OBJECTIVES/HYPOTHESIS: Internal nasal valve compromise is a major cause of nasal obstruction, with a growing number of ways to treat this condition. In this study, we compared the effects of butterfly graft, spreader graft, and the bioabsorbable nasal implant on nasal airflow resistance. STUDY DESIGN: Cadaver study. METHODS: Computational fluid dynamics (CFD) simulations were completed from nine preoperative and postoperative cadaveric subjects. Each cadaveric head underwent placement of a bioabsorbable nasal implant (BNI) (Spirox Latera; Stryker ENT, Plymouth, MN), butterfly graft, or spreader graft. Pre- and postoperative computed tomography (CT) scans were used to generate three-dimensional models of the nasal airway used in steady-state CFD simulations of airflow and heat transfer during inspiration. RESULTS: Butterfly graft placement resulted in a mean improvement in nasal airway resistance of 24.9% (±7.3), whereas BNI placement resulted in a 6.7% (±1.2) improvement, and spreader graft placement also resulted in a consistent improvement of 2.6% (±13.5). Pressure within the main nasal cavity was consistently lower following butterfly graft placement versus a spreader graft or BNI. Butterfly and spreader graft placement also resulted in modest improvements in airflow allocation, whereas BNI demonstrated more variation (-1% to 12%). Heat flux was not significantly different; however, a small improvement in total heat flux was seen with all three interventions. CONCLUSIONS: The results of this study demonstrate reduction in nasal airway resistance in all three surgical interventions, with the butterfly graft demonstrating superiority to the other two techniques. However, these data only reflect a static environment and not dynamic changes in airflow seen during respiration. LEVEL OF EVIDENCE: NA Laryngoscope, 130:E817-E823, 2020.

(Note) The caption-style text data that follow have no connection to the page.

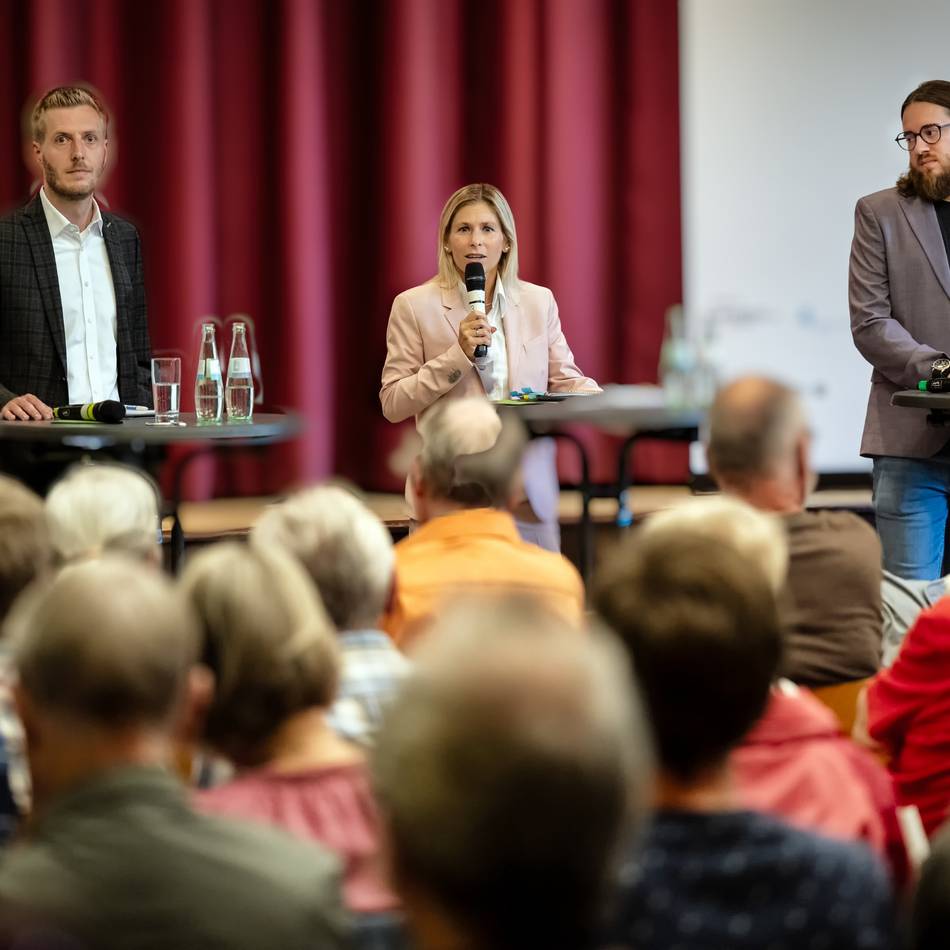Monheimer Bürgermeisterkandidaten: Schlagabtausch zwischen Wienecke, Risse und Düring – nur bei einem Thema einig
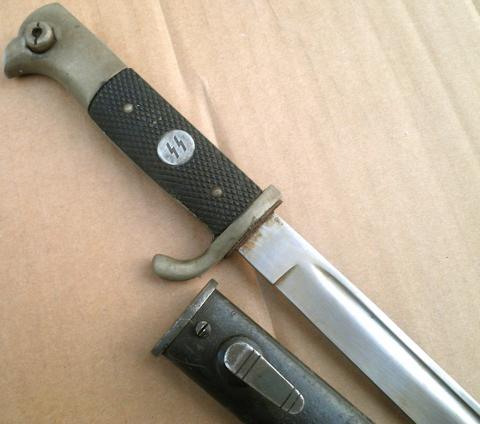 WW2 German Nazi Waffen SS bayonet with etui by alcoso, solingen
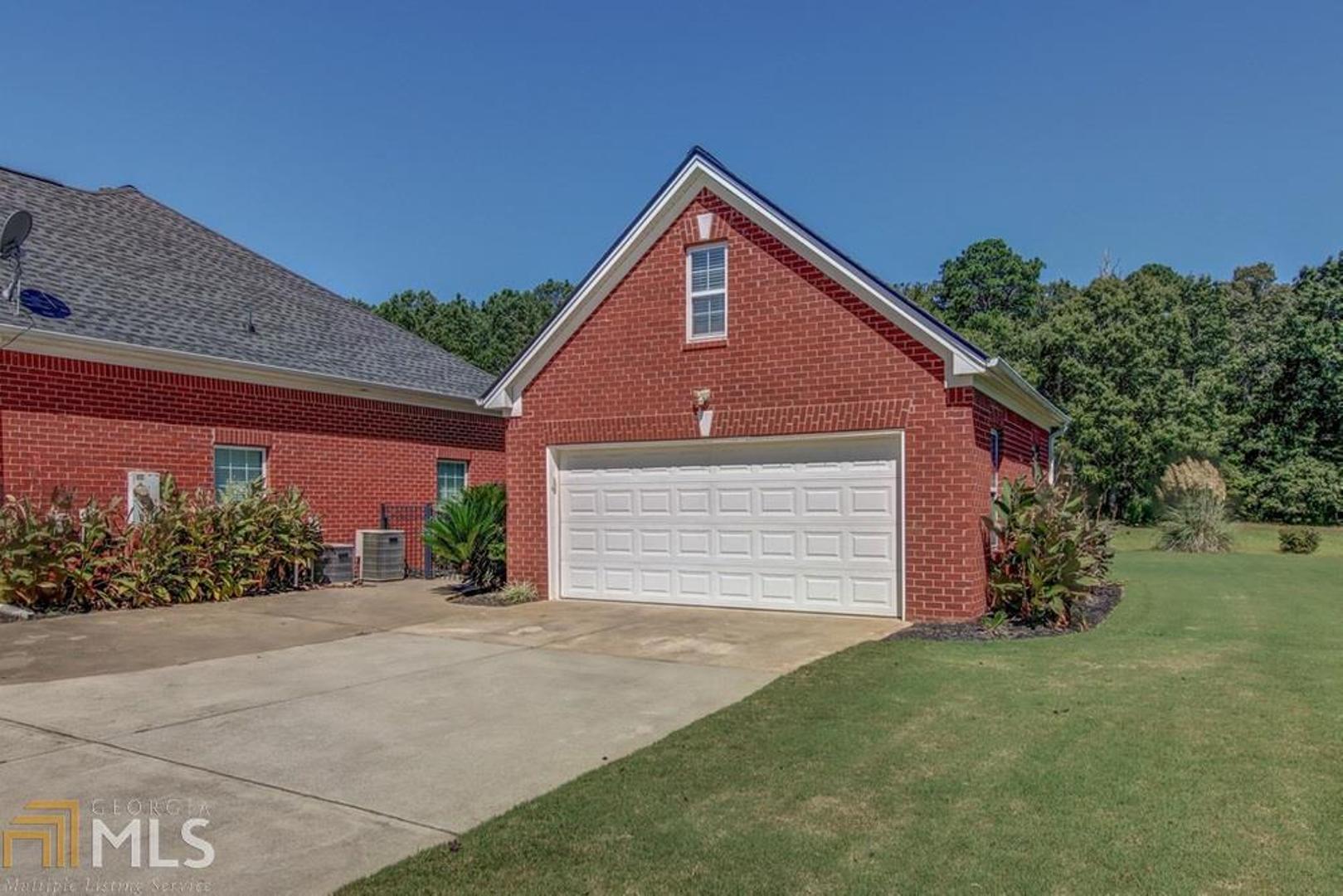 Casey'S Way - Residential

Virtual septoplasty: a method to predict surgical outcomes for patients with nasal airway obstruction.

PURPOSE: A deviated nasal septum is the most common etiology for nasal airway obstruction (NAO), and septoplasty is the most common surgical procedure performed by ear-nose-throat surgeons in adults. However, quantitative criteria are rarely adopted to select patients for surgery, which may explain why up to 50% of patients report persistent or recurrent symptoms of nasal obstruction postoperatively. This study reports a systematic virtual surgery method to identify patients who may benefit from septoplasty. METHODS: One patient with symptoms of NAO due to a septal deviation was selected to illustrate the virtual surgery concept. Virtual septoplasty was implemented in three steps: (1) determining if septal geometry is abnormal preoperatively, (2) virtually correcting the deviation while preserving the anatomical shape of the septum, and (3) estimating the post-surgical improvement in airflow using computational fluid dynamics. Anatomical and functional changes predicted by the virtual surgery method were compared to a standard septoplasty performed independently from the computational analysis. RESULTS: A benchmark healthy nasal septum geometry was obtained by averaging the septum dimensions of 47 healthy individuals. A comparison of the nasal septum geometry in the NAO patient with the benchmark geometry identified the precise locations where septal deviation and thickness exceeded the healthy range. Good agreement was found between the virtual surgery predictions and the actual surgical outcomes for both airspace minimal cross-sectional area (0.05 cm2 pre-surgery, 0.54 cm2 virtual surgery, 0.50 cm2 actual surgery) and nasal resistance (0.91 Pa.s/ml pre-surgery, 0.08 Pa.s/ml virtual surgery, 0.08 Pa.s/ml actual surgery). CONCLUSIONS: Previous virtual surgery methods for NAO were based on manual edits and subjective criteria. The virtual septoplasty method proposed in this study is objective and has the potential to be fully automated. Future implementation of this method in virtual surgery planning software has the potential to improve septoplasty outcomes.